2. I do agree that according to the torture statute waterboarding would not be mental torture unless it causes prolonged mental pain or suffering. The Bybee memo discussed reports from SERE officials that SERE veterans did not suffer psychological after-effects. There have been years of back and forth among commentators (including in the OPR report and Margolis's memo) about whether the experience of multiply-repeated waterboardings of detainees is different enough from SERE that this was not adequate evidence; I'm not going to repeat all the arguments yea and nay here. Suffice it to say that I think it's an open question whether repeated waterboardings in a setting where the victim doesn't know how many more weeks or months it will go on might be mental torture even in the narrow sense of the statute. Again, my point was that even if the answer is no, inflicting severe physical suffering with specific intent to cause it is torture.

3. Taylor writes: "the CIA told Bybee, and he was entitled to assume, that the core effects of waterboarding were mental and not physical." That would be page 11 of the classified Bybee memo, here. The exact wording is: "You have informed us that this procedure does not inflict actual physical harm." This is not actually the same as saying that it does not inflict severe physical suffering, merely that it does not damage the subject's body. To see the difference, imagine a technique that caused a subject to experience acute itching everywhere on his body. Here too, one might truthfully add "it does not inflict actual physical harm," and we all understand what that means: no damage. It doesn't mean "no pain or suffering." But that is the conclusion that Yoo and Bybee reach: "Thus, although the subject may experience the fear or panic associated with the feeling of drowning, the waterboard does not inflict physical pain." No, no, no. While the fear or panic associated with partial drowning is "mental," the experience is physical. (In any case, it strikes me as basically demented to think that if the CIA told Bybee that a suffocation technique's core effects are mental not physical he should assume it is true. What if the CIA had said, "we will burn him with glowing cigarettes, but we have determined that the core effects of this technique are mental, not physical"? Should a lawyer simply say "yes, boss" and write the opinion based on that assumption?) Again: Waterboarding is not just fear of death. It is the physical experience of suffocation.

4. Taylor's fifth point is about specific intent, and he writes "Actually, the point was to make them fear imminent death without hurting them." Actually, we don't know anything of the sort. Taylor's argument is circular. If you assume, as Taylor does, that repeated partial drowning doesn't cause physical suffering, then the point of inflicting it is to make them fear imminent death without (physically) hurting them. But why make the assumption?

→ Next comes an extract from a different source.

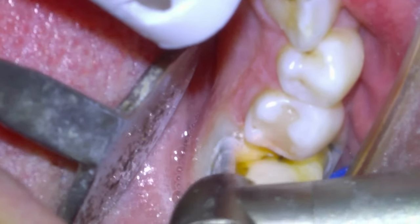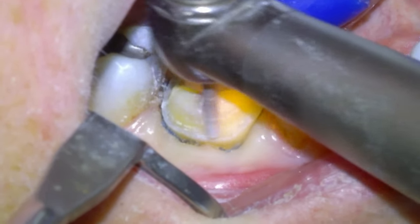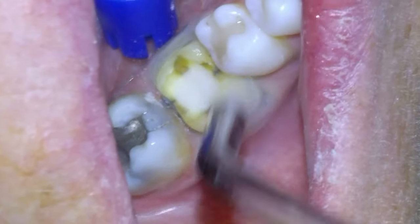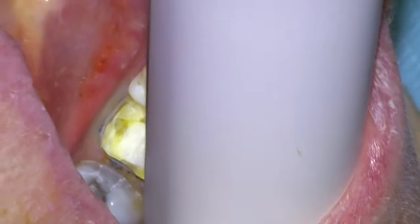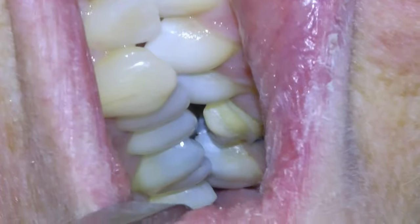I'm going to pack a size one cord around from the mesial buccal to the distal buccal until we have clear visual access to all of our margins. Refine a little bit more — you don't have to have the water on. Then we're ready to take a scan. We're going to dry, rinse and dry, take a scan of the prep, take a scan of the opposing, and take a bite scan.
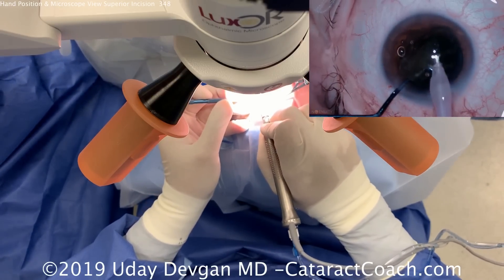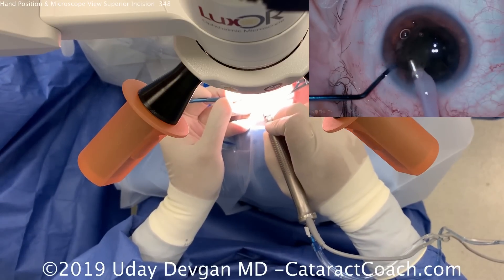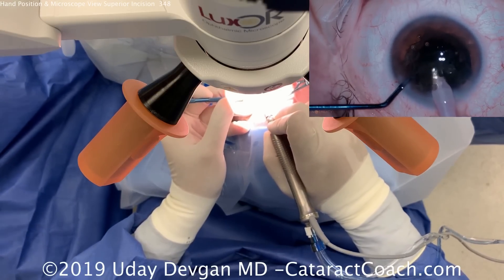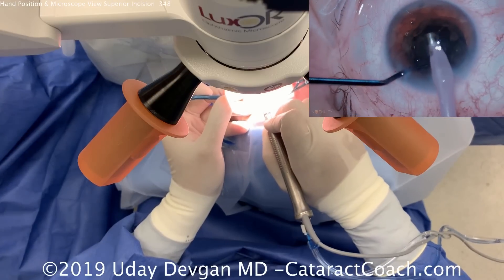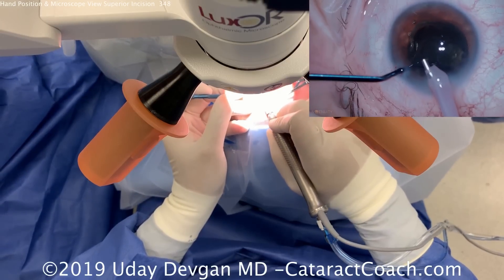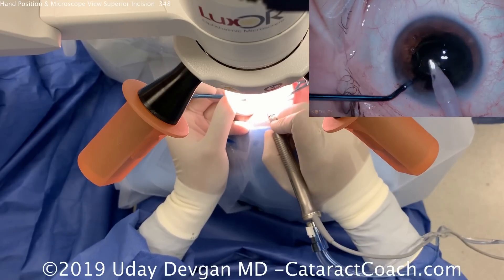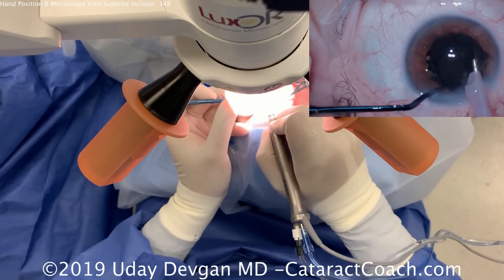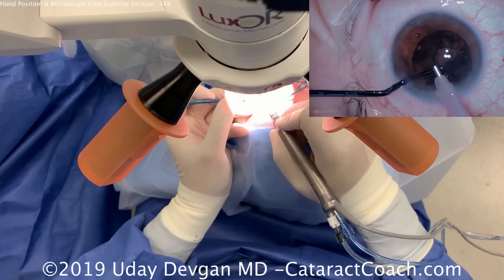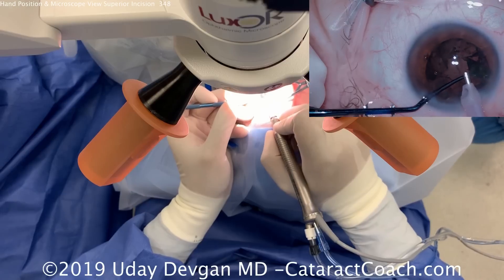Now we can emulsify each half — it's not a very dense nucleus, so it's relatively easier. Look at the position of the FACO probe: it's almost parallel to the floor of the room, not held at too steep an angle. You want to hold it in the same plane as the FACO incision. Notice how we pivot inside the eye, keeping the eye in primary, while outside the eye there's more pivoting than you might imagine. Also note that the cords — infusion tube, outflow, and the electric cord for the FACO handpiece — are all draped over the wrist so they don't enter the surgical field.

5. Taylor ends by discussing a small embarrassment, namely that his previous letter made an assertion about the unanimous testimony of thousands of U.S. troops that is untrue, as he concedes. But he adds that this is "so small and with so little relevance to our overall disagreement as to suggest that Luban’'s lengthy discussion of it is designed to divert attention from the weakness of his basic position." Um, my lengthy discussion was 194 words, 21 of them quoting Taylor. That's out of a post of (ouch!) 1932 words. (Sorry, readers.) If I was trying to divert attention from the weakness of my basic position, please be assured that I could do better than that.

A colleague commented on this exchange: "God I can't believe we are back to this. Of course we are but it's like a bad record skipping back endlessly in the same loop." I agree. Surely it is time to bury the Bybee Memo's arguments in a deep dark place. We don't have to keep talking about them forever. The Justice Department retracted it and replaced it, Jack Goldsmith warned DoD not to rely on it, OPR thought its arguments bad enough to warrant professional discipline, and Margolis, disagreeing with that recommendation, agreed that its arguments were bad and the judgment it displayed poor. Enough is enough.